_Work task_.
Go to the line that contains "Chevrolet Onix Branco 10" in the listing below, then output it and every line after it exactly, omitting pictures.

..............................

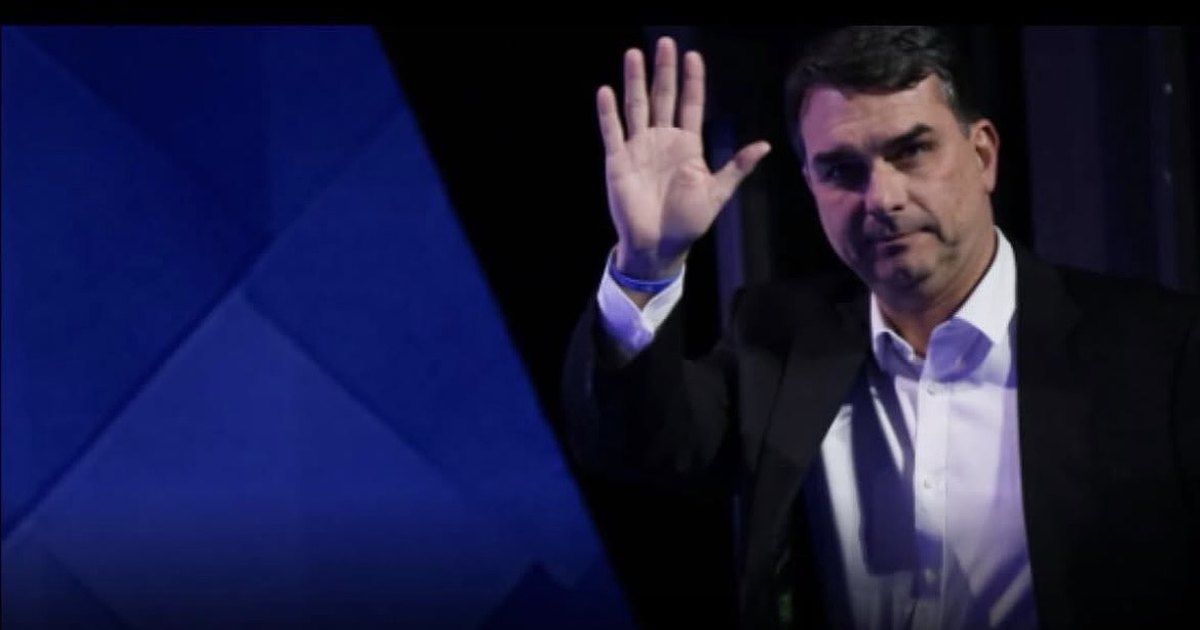 Juíza nega pedido de Flávio Bolsonaro para indenização de R$ 61 mil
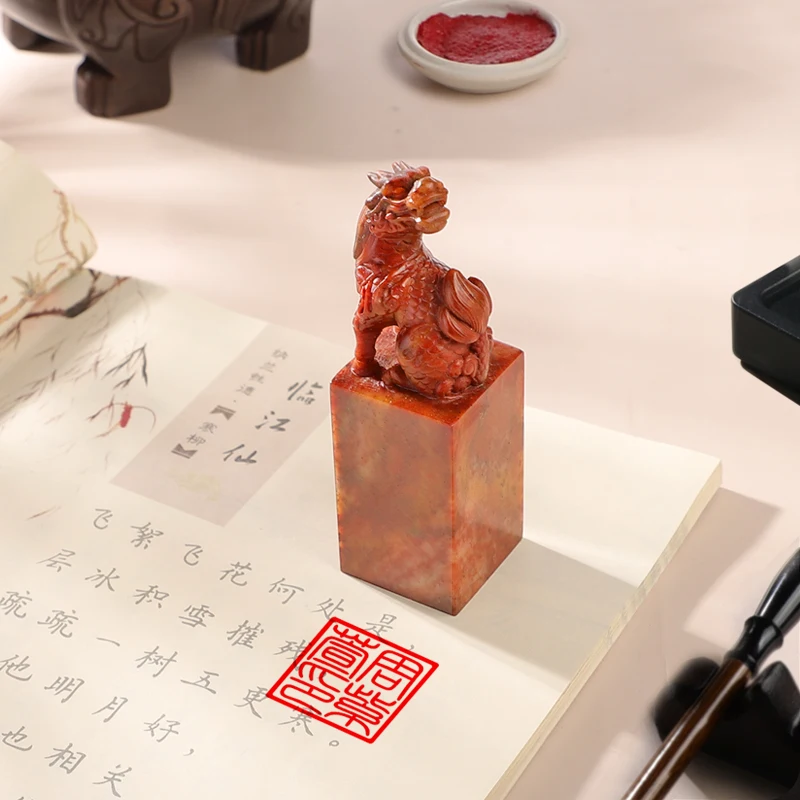 Индивидуальный штамп с именем, квадратная печать из камня Шоушань, резная печать с изображением Цилиня, каллиграфия, китайская, английская, корейская печать, печать с драконом Ханко
Индивидуальный штамп с именем, квадратная печать из камня Шоушань, резная печать с изображением Цилиня, каллиграфия, китайская, английская, корейская печать, печать с драконом Ханко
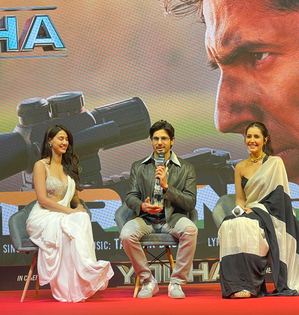 Sidharth Malhotra reveals action in 'Yodha' very different from 'Shershaah' | Sidharth Malhotra reveals action in 'Yodha' very different from 'Shershaah' Sidharth Malhotra reveals action in 'Yodha' very different from 'Shershaah' | Sidharth Malhotra reveals action in 'Yodha' very different from 'Shershaah'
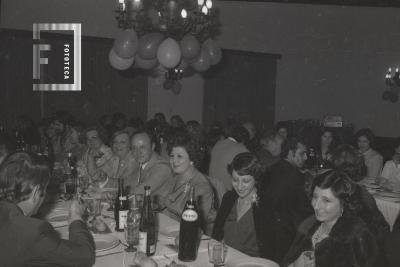 Cena de personal municipal en el día de la primavera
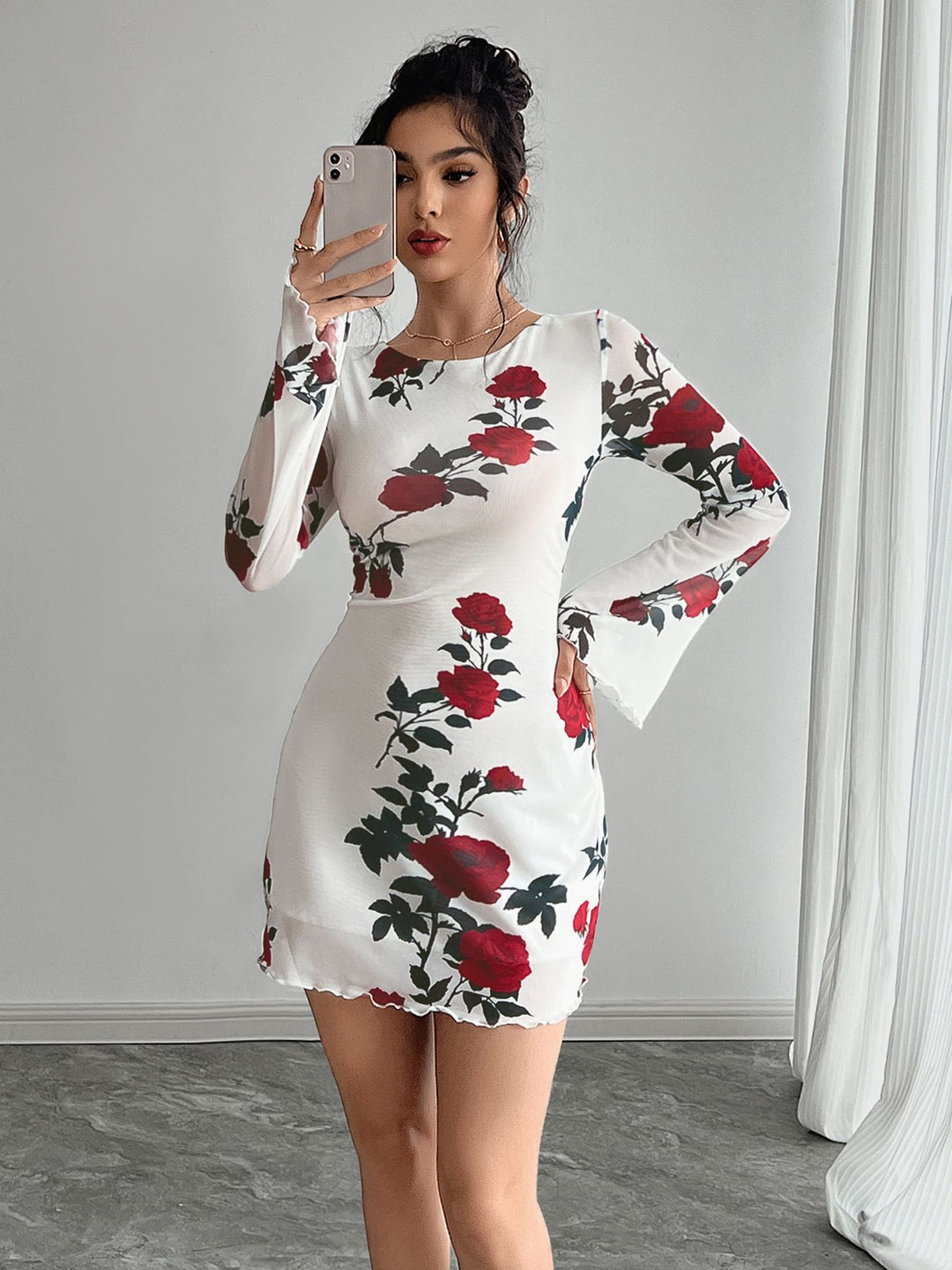 Damen nan figurbetontes Minikleid mit Rosenmuster und Trompetenärmeln Echo Archiv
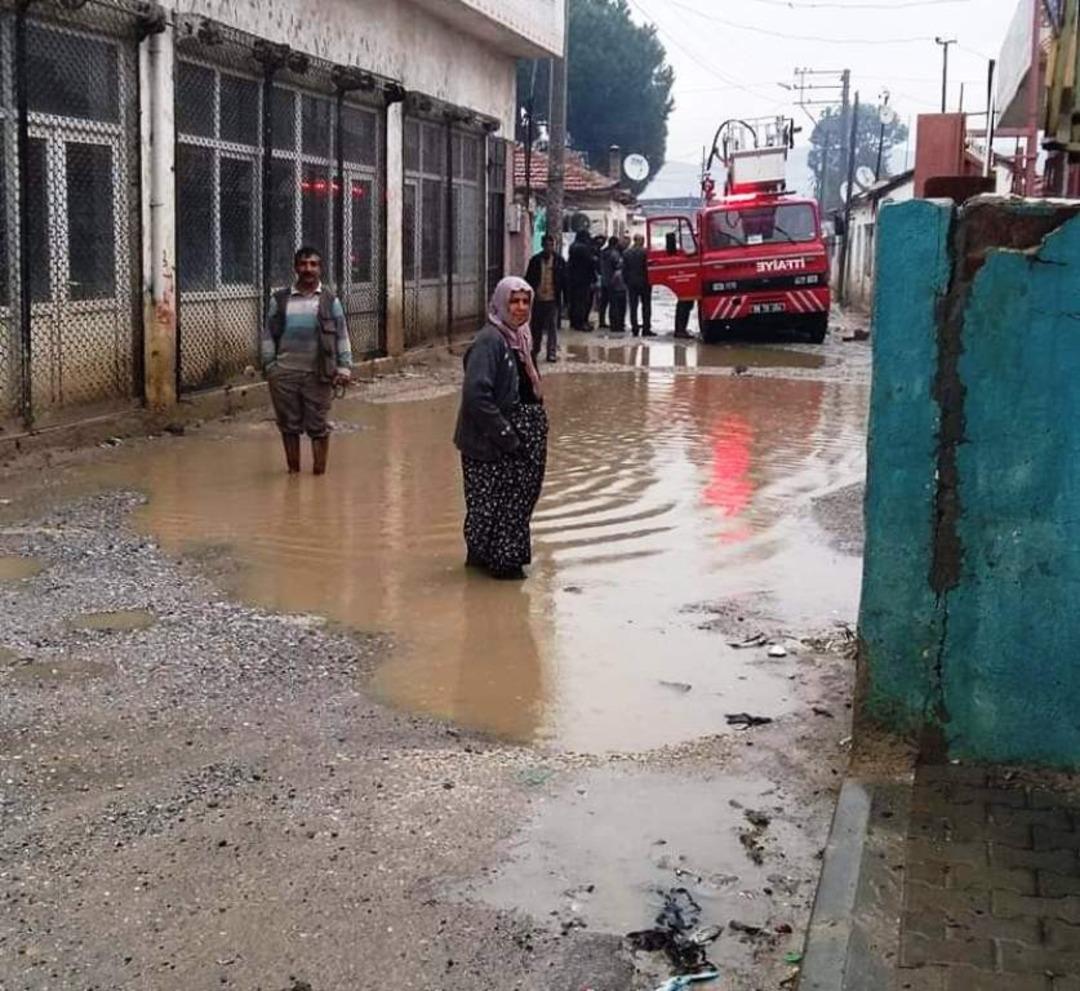 Sağanak yağmur Acarlar&rsquo;ı g&ouml;le &ccedil;evirdi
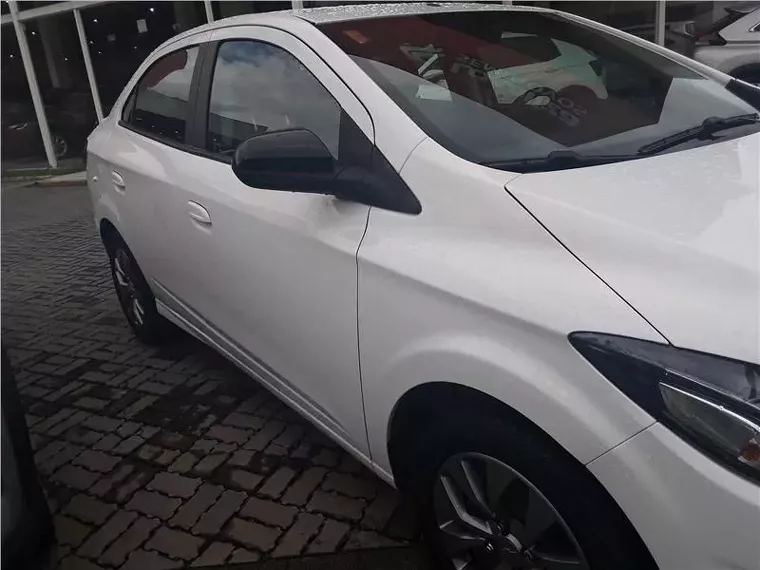 Chevrolet Onix Branco 10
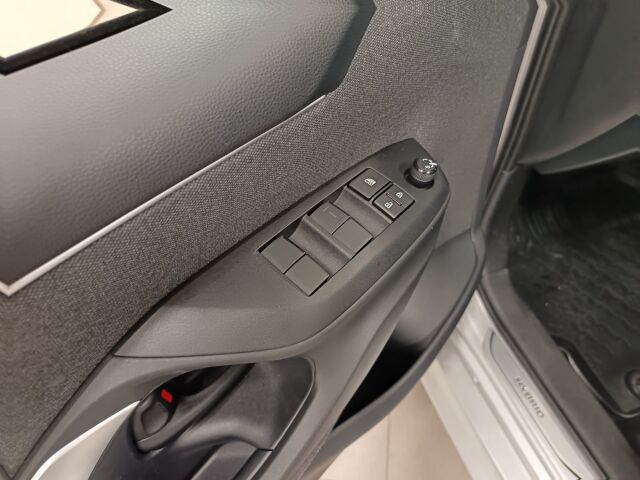 TOYOTA Yaris 2021 1,5 Hybrid Active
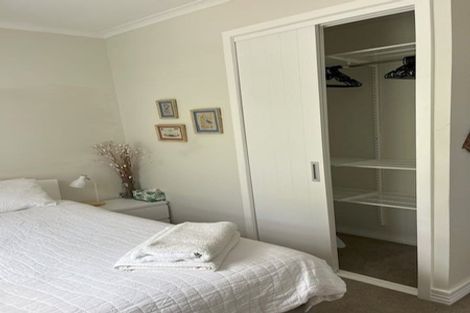 Photo of property in 2/2 Kiteroa Terrace, Rothesay Bay, Auckland, 0630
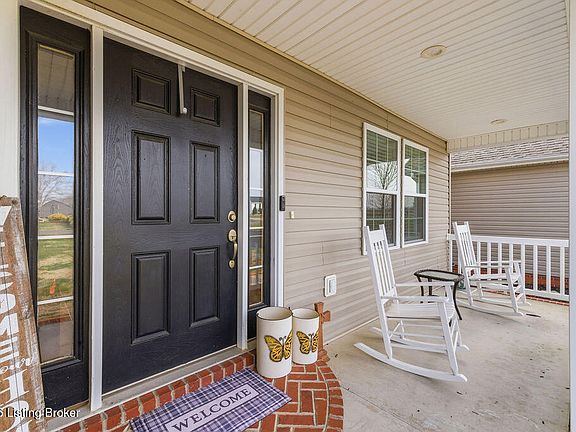 3rd image of 78 Oak Shadow Ln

..............................

_Solution to this problem_.
 Chevrolet Onix Branco 10
 TOYOTA Yaris 2021 1,5 Hybrid Active
 Photo of property in 2/2 Kiteroa Terrace, Rothesay Bay, Auckland, 0630
 3rd image of 78 Oak Shadow Ln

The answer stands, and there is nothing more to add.